Quoting [Mathijs den Burger] (Nov 12 2009):
> > > >>
> > > >> Given that that memory management is automatic in Python, the notion
> > > >> of application-managed and implementation-managed Buffer disappears.
> > > >
> > > > From what I learned during the discussion in Banff, this is not
> > > > really true: one *can* allocate an array in user space and pass it
> > > > to an API by-reference, which actually makes it a application
> > > > managed memory segment.  The point in python seems to be that nobody
> > > > is doing that...
> > > 
> > > Well, in Python there is *only* by-reference parameter passing,
> > > references to objects that is. Version 2.6 introduced an io module
> > > that allows to do what you describe. One problem with this is that our
> > > JySAGA bindings can't support this new feature as Jython just reached
> > > version 2.5.1 and it looks like there is quite a long way to go to
> > > 2.6.
> > 
> > That is an implementation problem, and should not influence the
> > python bindings, right? ;-)
> 
> Well, defining bindings that break all current implementations and their
> usage won't work either. The C++ wrapper now also requires Python >=
> 2.2. Would all current users be willing/able to upgrade to >= 2.6?

*sigh* Tough one.  Obviously, I'd love to define the bindings more
from a (assumed) user perspective POV, but sure, if there is no
possible implementation, that makes not too much sense...

> The bindings will have to define which Python version is required. It
> not only a matter of 2.x or 3.x; the 2.x versions also contain
> increasingly more relevant functionality.

That may make sense, but of course it is confusing to have too many
levels here.  I guess that 2.x versus 3.x is a natural watershed,
whereas 2.x versus 2.y may look somewhat arbitrary to the user.

> We can either opt for something low (e.g. >= 2.2) to increase
> acceptance, or something high (e.g. >= 2.6 or >= 3.0) if these contain
> features that are essential for the bindings.
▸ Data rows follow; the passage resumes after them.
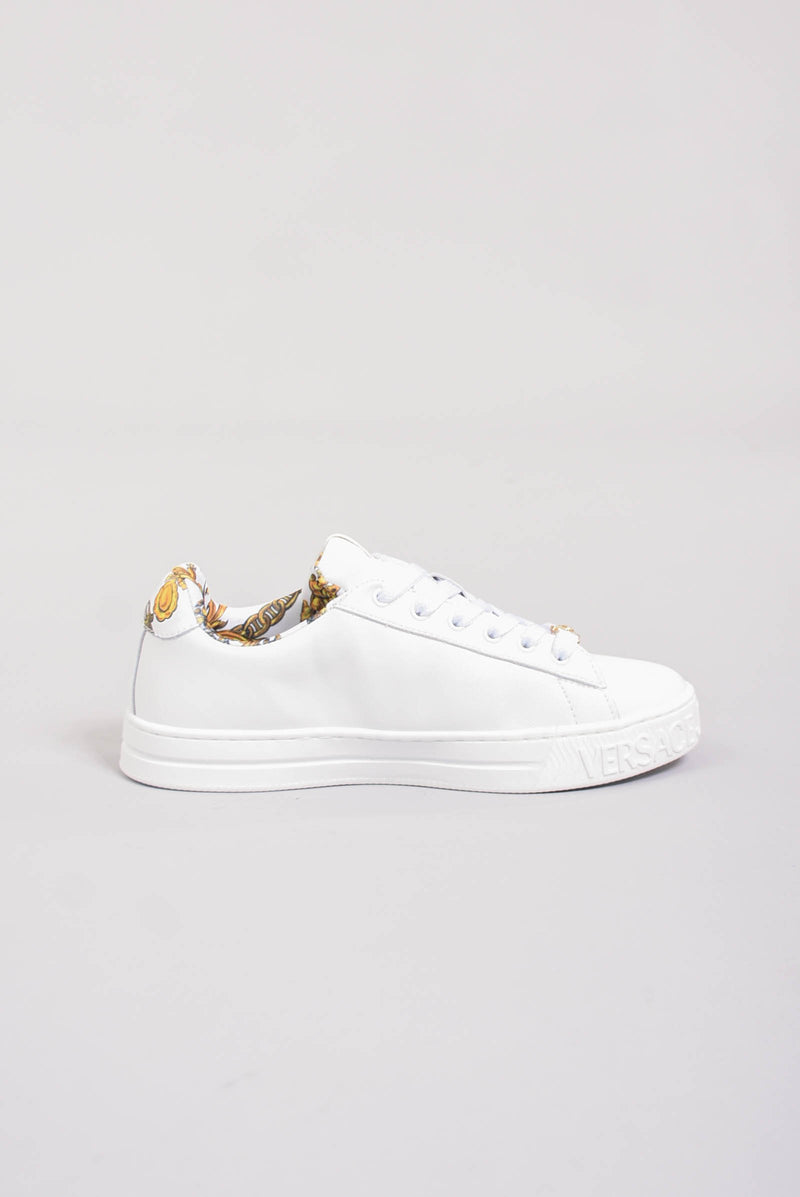 VERSACE JEANS COUTURE sneakers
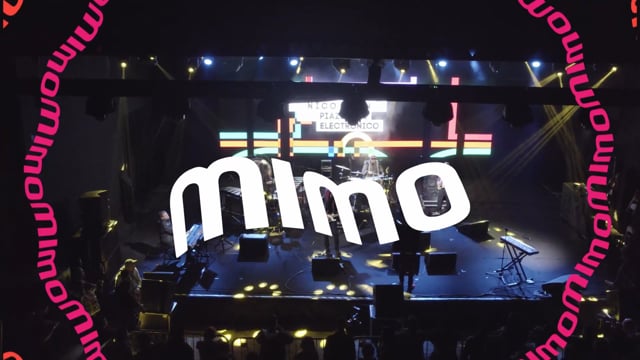 MIMO - Itabira dia 2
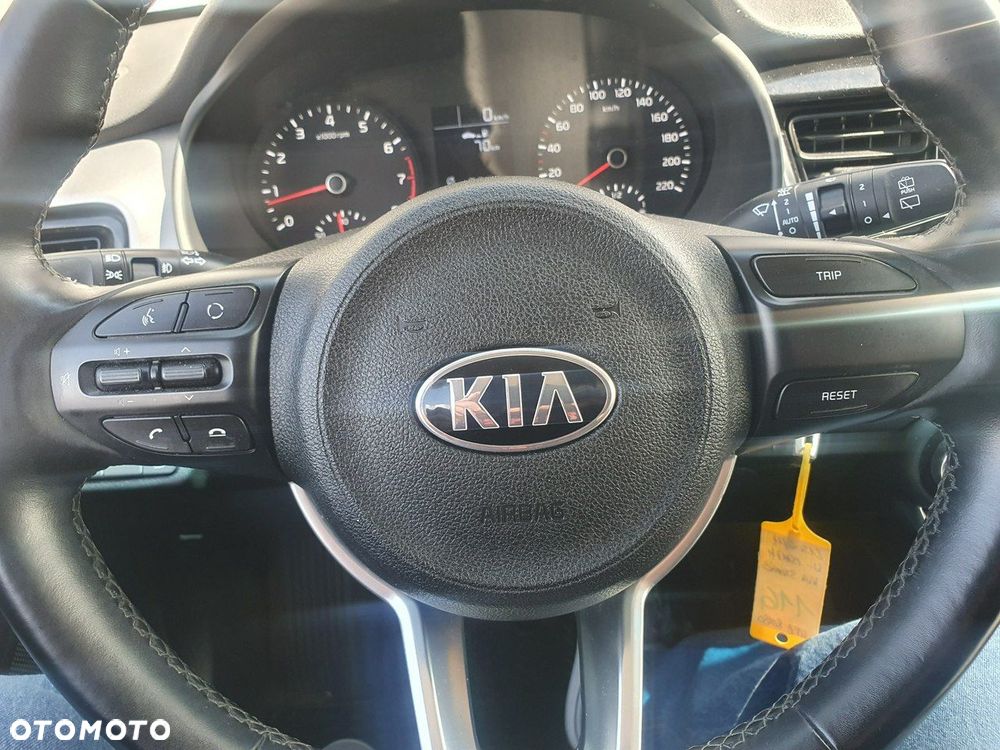 Kia Stonic - 14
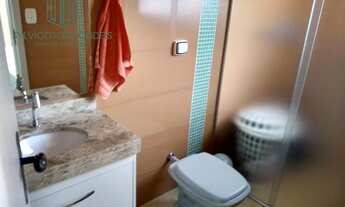 Imagem 4: Excelente sobrado no Res. Arco Ires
A third option is to
> specify optional additional functionality for an implementation that's
> only targeted at newer versions of Python, but that will probably
> generate a lot of confusion.
> 
> I'd say we stick to >= 2.2; widely used, and supported by all current
> implementations.

Agree, but also would suggest to have an updated version for 3.x, as
seems to have fundamental changes.  But, once more, I am not a
python expert, so my opinion should not be weighted too highly...

> Not really; it memory-maps a file, not an arbitrary string. However, you
> can easily convert a string to a list or array and manipulate that in
> place.
> 
> The real question is: which use cases are we trying to optimize? What
> will SAGA Python apps do with binary data?
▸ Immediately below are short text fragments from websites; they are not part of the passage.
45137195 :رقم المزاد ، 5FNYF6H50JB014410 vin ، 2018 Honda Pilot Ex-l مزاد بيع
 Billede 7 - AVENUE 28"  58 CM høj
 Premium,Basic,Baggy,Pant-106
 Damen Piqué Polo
The primier use asking for optimized I/O on streams and files are
visualization use cases (you should know *those* use cases, right?
;-)  So, an application is repeatedly readong a couple of megabyte
or so from a stream or a file, into a memory buffer, at say 2*30fps,
to run some algorithm on the data (say isosurfacer).  

Now, in the simple case your kernel allocates memory for the read
you request, and reads data into that memory.  Later, that data is
copied into your application memory so your app can access the data.

The buffer object allows to allocate the memory in the application,
and to pass the buffer down to the kernel, so that it can read data
directly into the buffer (zero copy: no need to copy it again).

I have no idea how prevalent that use case and similar ones are for
the python community we are targeting, so its very hard to argue for
or against that optimization.  Zero Copy is in general useful in
other use cases, too, but again, it is hard to guesstimate the gain
without any specific use case to  discuss.

> > > >> In the VU Python bindings the buffer class is still present, while, as
> > > >> previously said, in the C++ Python bindings it was removed recently. I
> > > >> do not see any issues with the removal of the Buffer class in the
> > > >> Python bindings. However, I'm not sure whether I am forgetting some
> > > >> corner cases (e.g. async) that would require a dedicated Buffer class.
> > > >> When removing the Buffer class, the user would simply deal with 'str'
> > > >> type data to pass data back and forth to a SAGA file, stream or rpc.
> > > >
> > > > If the bindings decide to go for strings, then that should pose no
> > > > problem for the async calls, as far as I can tell: semantics of sync
> > > > and async calls is identical (apart from synchronization obviously).
> > > >
> > > >
> > > >> Now, I identified the following crucial questions:
> > > >> 1) Can the Buffer class be safely removed from the Python bindings?
> > > >
> > > > According to the original SAGA use cases: no
> > > > According to current SAGA users: yes
> 
> What were the original use cases that required a Buffer class?

See above.  You may also want to have a look at the SAGA use case
doc and the SAGA req doc 

  http://www.ogf.org/documents/GFD.70.pdf
  http://www.ogf.org/documents/GFD.71.pdf

Cheers, Andre.

-- 
Nothing is ever easy.